Henry Alford[4] takes objection with the traditional reading. According to Alford, the solemn language employed in Heb 7:13 would seem "childish" if it meant nothing more than Melchizedek's father and mother were not recorded in the OT. For Alford the examples from Philo do not determine how we should read Hebrews while Neyery uses Philo and other Hellenistic philosophers to develop a refutation of the traditional reading. So Philo can be argued both ways, or better yet, multiple ways.

If we find J. H. Neyrey's[1]  proposal persuasive then we are left with a "true deity" on our hands named Melchizedek and we will need to find some exegetical/theological means of accommodating him who "... resembling the Son of God, remains a priest forever."
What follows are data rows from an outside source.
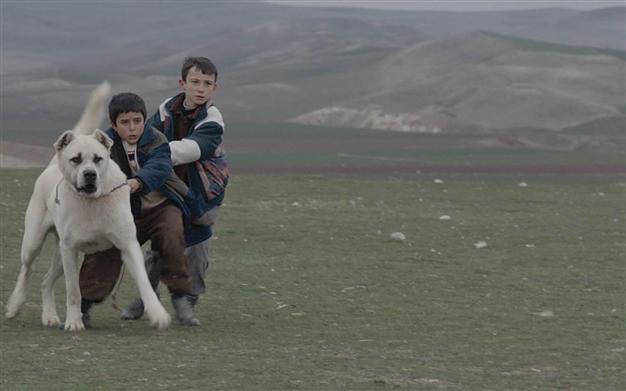 Turkish cinema now a regular in Venice Film Festival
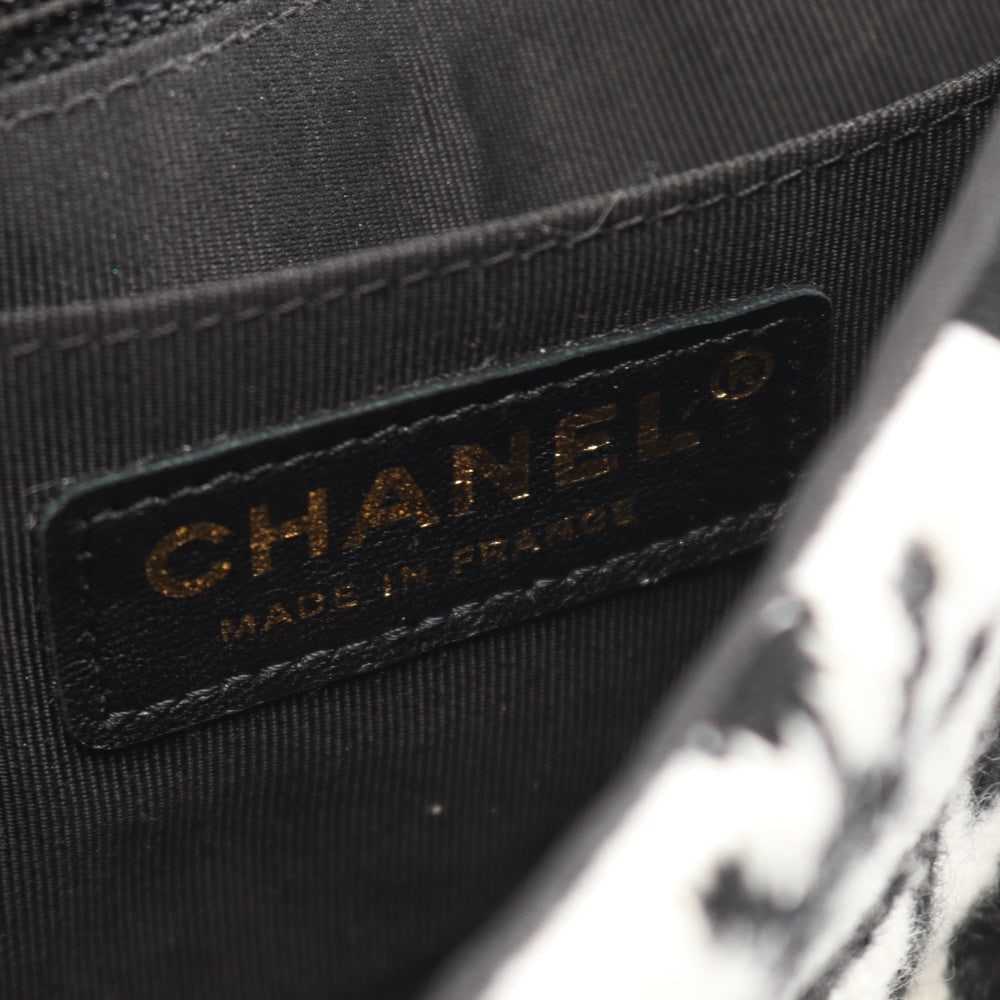 Chanel Coco Neige Chain Bag - 4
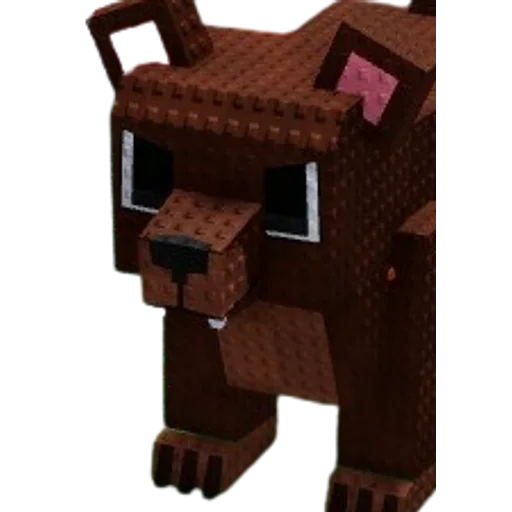 Bear pet image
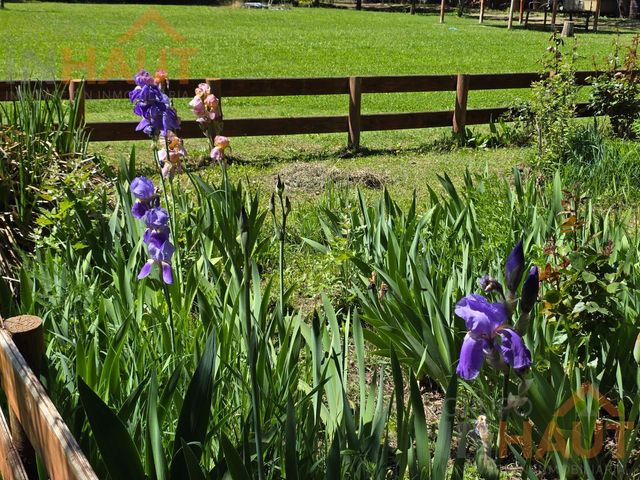 place photo 53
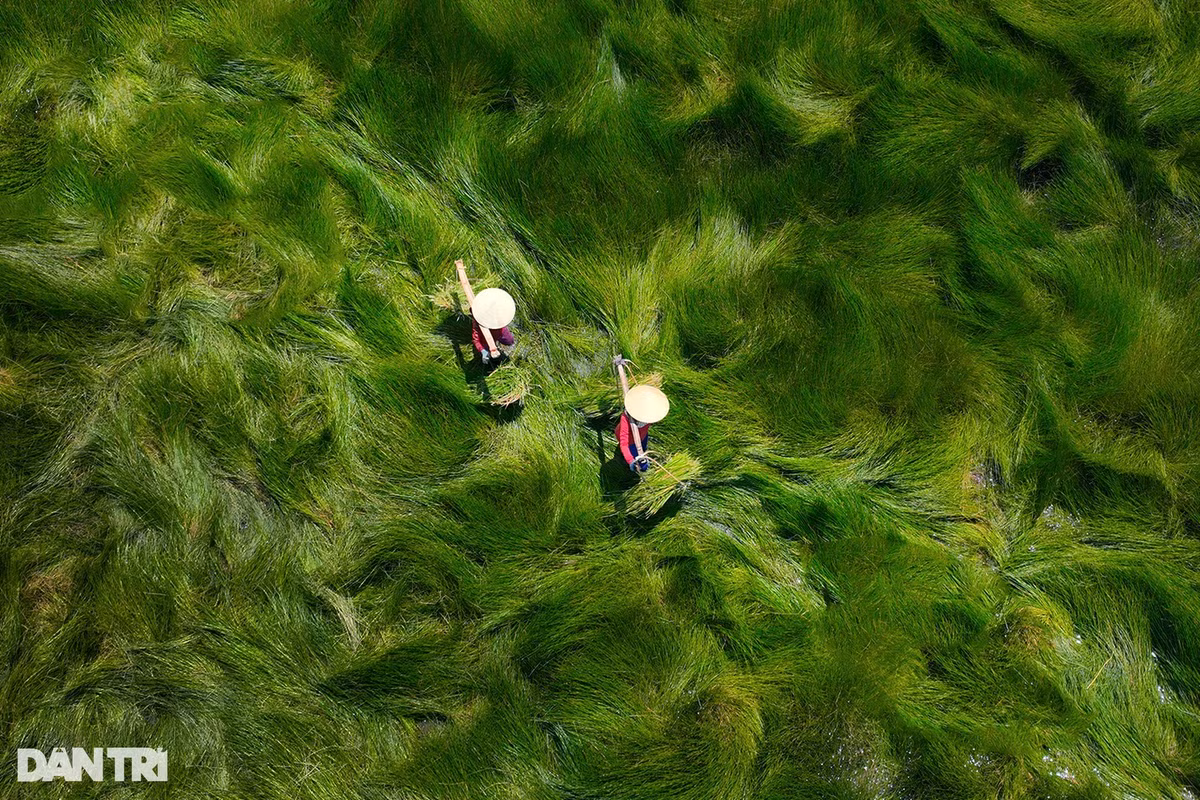 Trên đồng, những thảm cỏ xanh, những mảng màu xanh của cỏ khi tương phản với ánh sáng mặt trời, nhất là vào buổi sáng, tạo hiệu ứng "lượn sóng" sống động. Ảnh: Cảnh December.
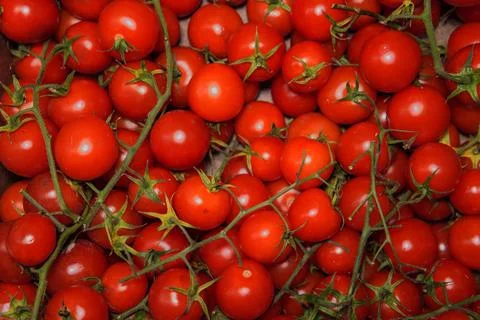 Cherry tomato close-up. 스톡 사진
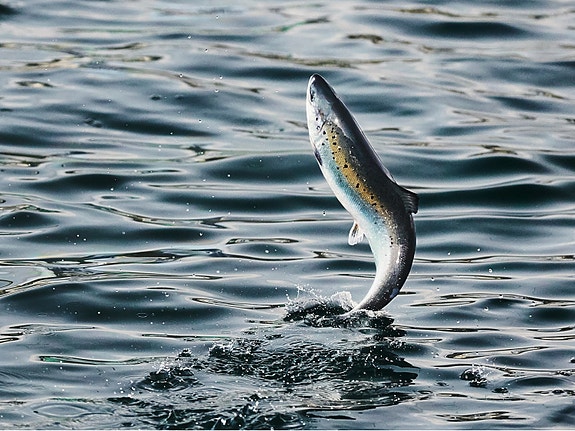 Bilde 1 av 4 i jobbannonse-galleriet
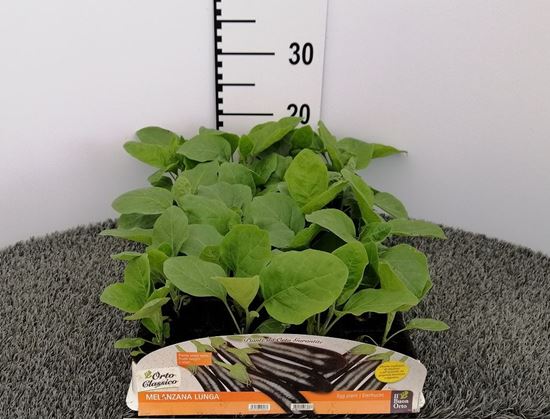 Immagine di MELANZANA LUNGA F1 PACK 4 PIANTE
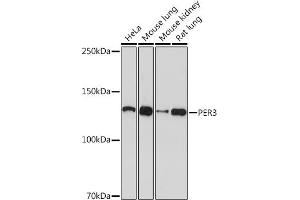 Western blot analysis of extracts of various cell lines, using PER3 Rabbit mAb (ABIN7269225) at 1:1000 dilution. (PER3 anticorps)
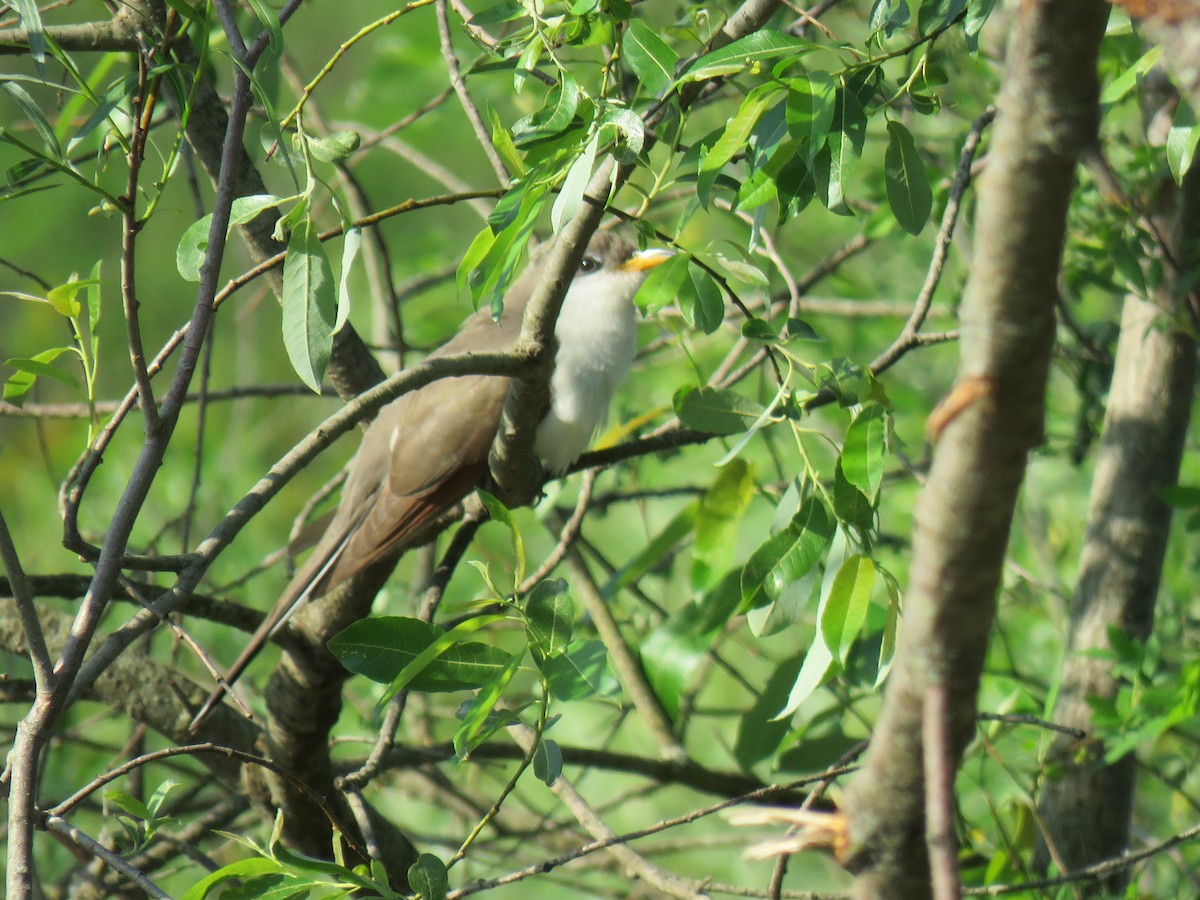 Yellow-billed Cuckoo - ML240558361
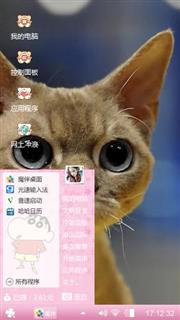 可爱小猫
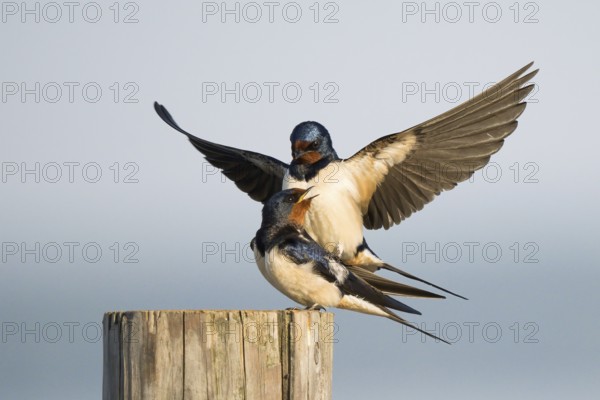 Two barn swallows (Hirundo rustica) mating on a post, male with outstretched wings, Hesse, Germany,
Heb. 7:3 ἀπάτωρ ἀμήτωρ ἀγενεαλόγητος, μήτε ἀρχὴν ἡμερῶν μήτε ζωῆς τέλος ἔχων, ἀφωμοιωμένος δὲ τῷ υἱῷ τοῦ θεοῦ, μένει ἱερεὺς εἰς τὸ διηνεκές.

Heb. 7:3 Without father, without mother, without genealogy, having neither beginning of days nor end of life, but resembling the Son of God, he remains a priest forever.    

[1] Jerome H. Neyrey, S.J. "Without Beginning of Days or End of Life" (Heb 7:3): Topos for a True Deity" CBQ 53 (1991) 439-55.

[2] What we are calling the traditional reading is really only one of several options  which date back to the first few centuries.

[3] F. F. Bruce, Epistle to the Hebrews, NICNT 1964. 

[4] Henry Alford, Greek Testament v. IV, pp.129-130.